As the output, give exactly the lines that run from the one with "Celtic Sterling Silver" through the end of the records below, and omit pictures.

____ ENTRIES SHOWN

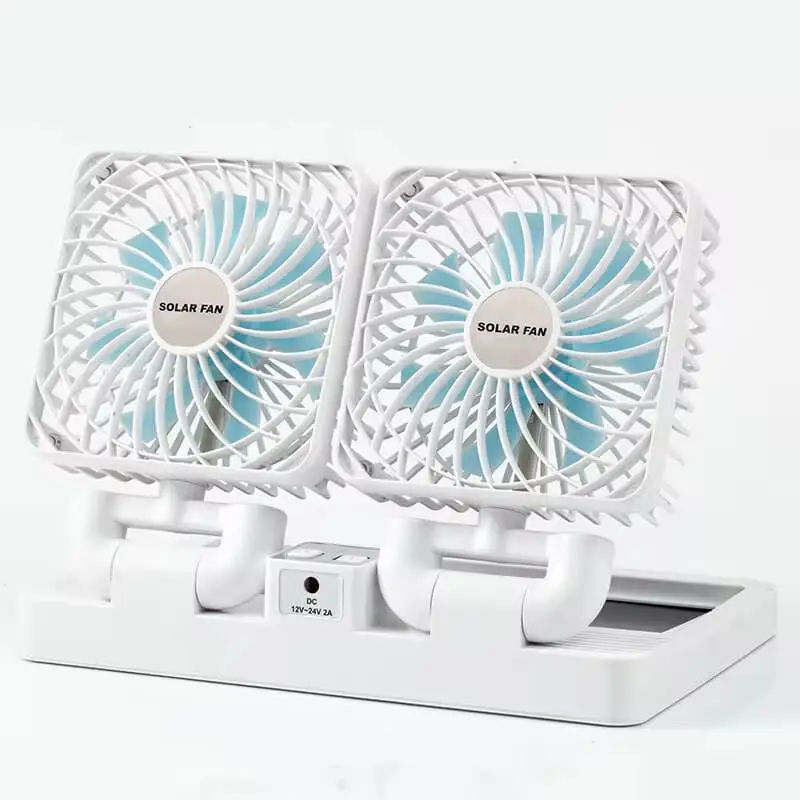 SOLAR FAN 35*28CM - DOUBLE HEAD RECHARGEABLE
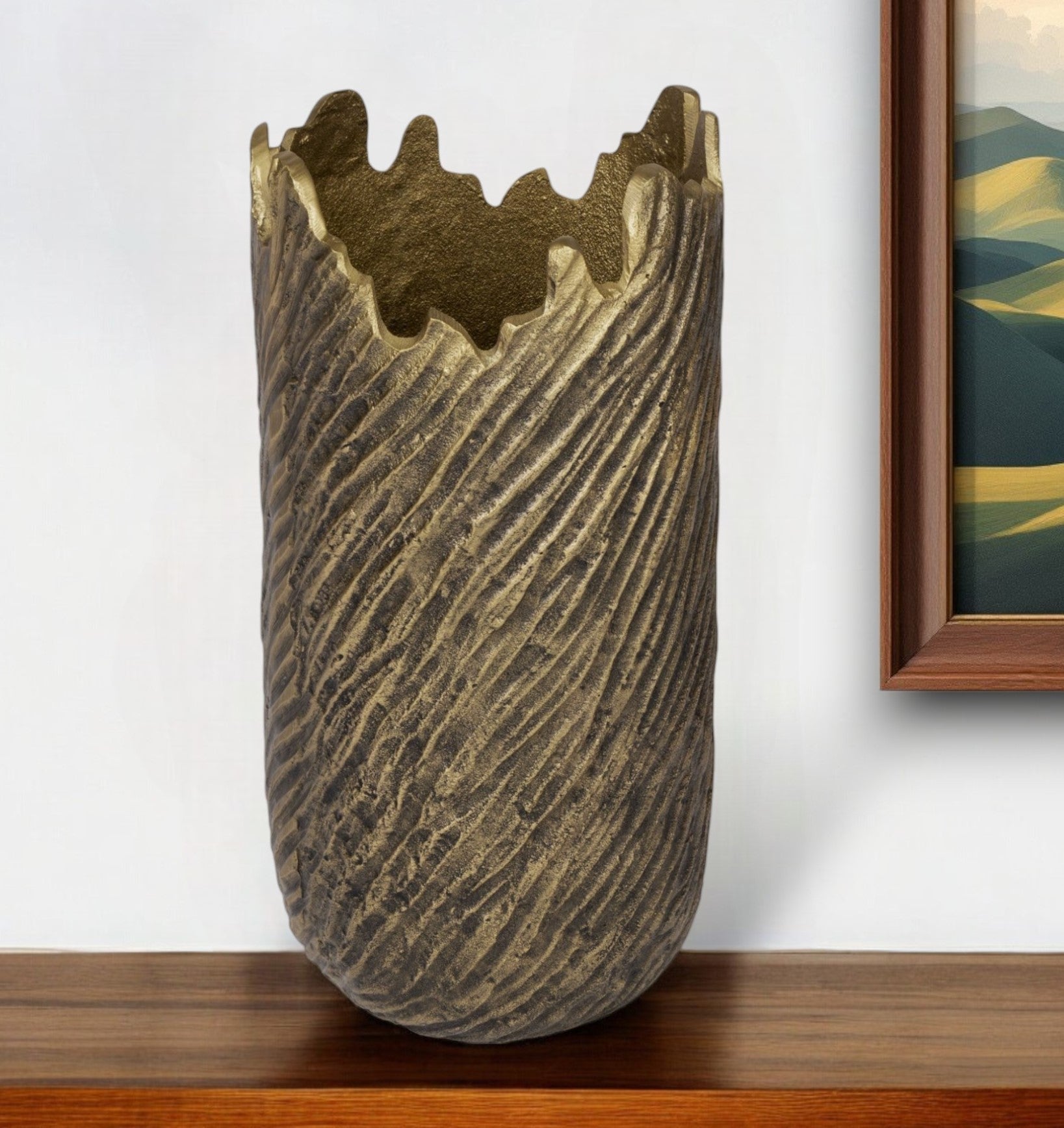 Gold Abstract Aluminum Vase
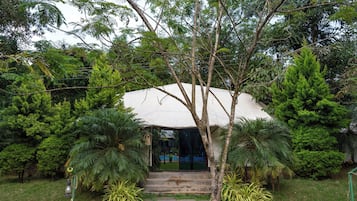 A covered outdoor seating area with steps leading up to it, surrounded by lush greenery.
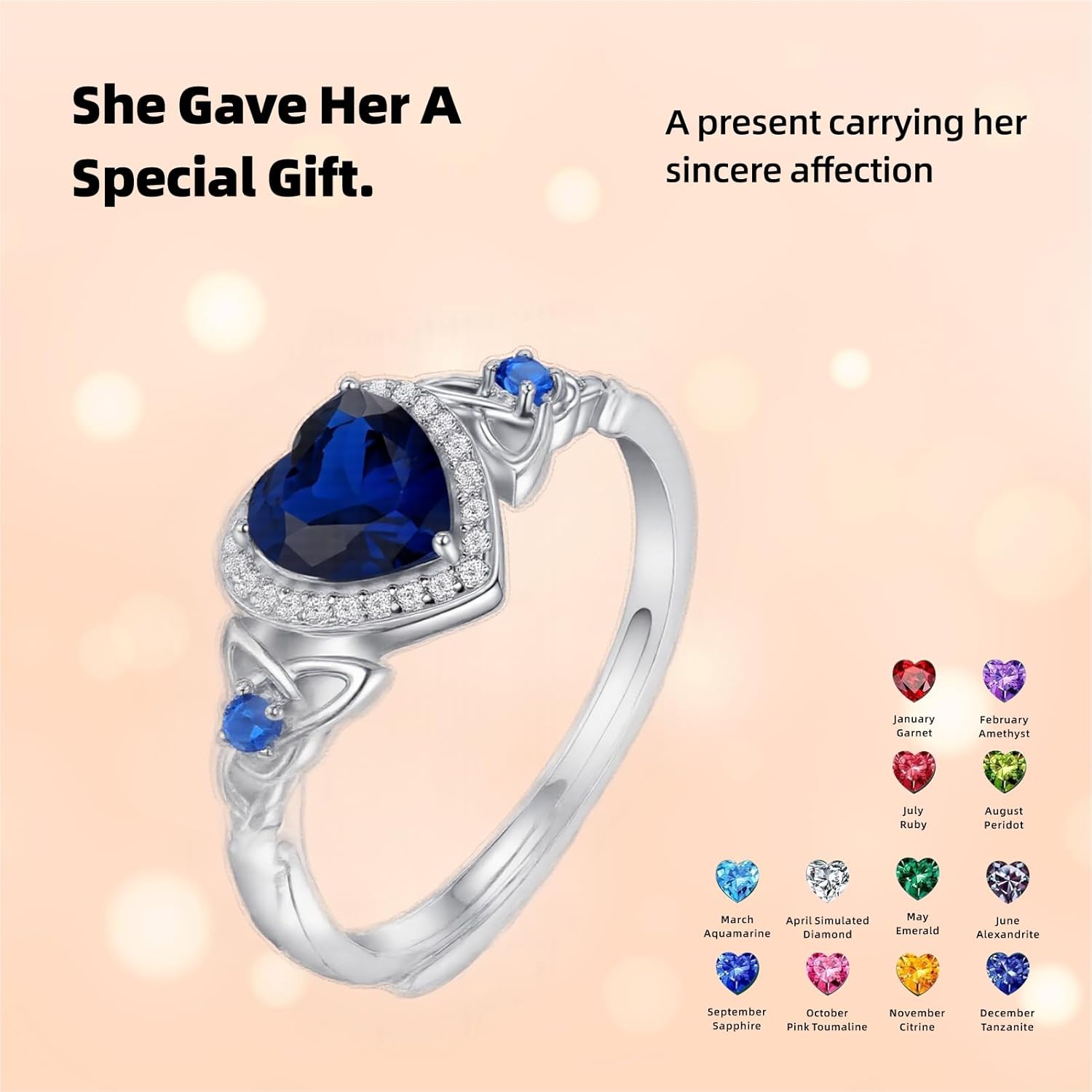 Celtic Sterling Silver Birthstone Ring for Women, Adjustable Size Trinity Knot Heart Design 925 Silver January Garnet Ring, Meaningful Birthday Gift for Girlfriend, Wife, Mom - Image 3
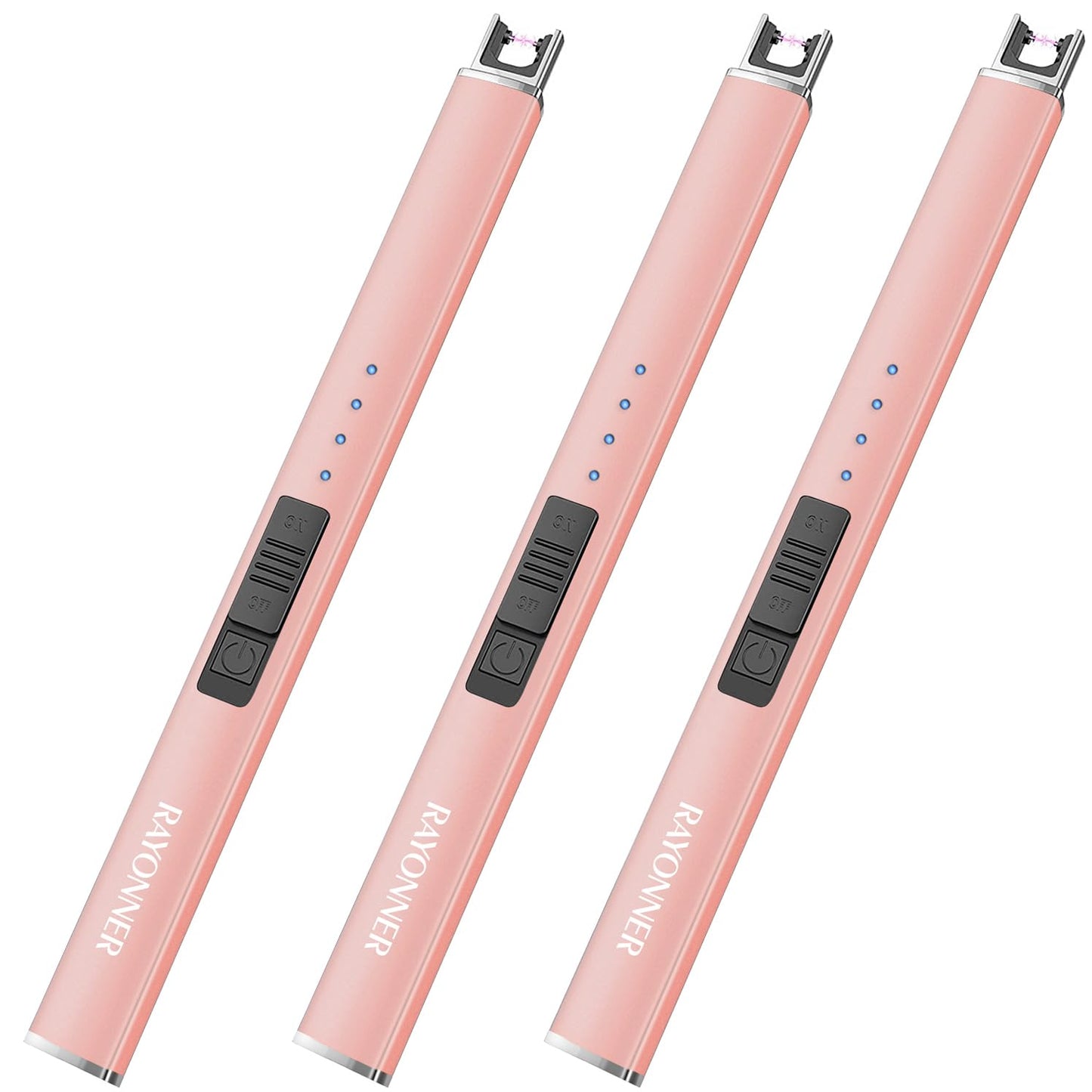 RAYONNER Candle Lighter Plasma Arc Lighters Windproof Flameless with USB Rechargeable Battery Double Safety Switch (1Pack, Rose Gold)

________

EXPECTED ANSWER ▸
 Celtic Sterling Silver Birthstone Ring for Women, Adjustable Size Trinity Knot Heart Design 925 Silver January Garnet Ring, Meaningful Birthday Gift for Girlfriend, Wife, Mom - Image 3
 RAYONNER Candle Lighter Plasma Arc Lighters Windproof Flameless with USB Rechargeable Battery Double Safety Switch (1Pack, Rose Gold)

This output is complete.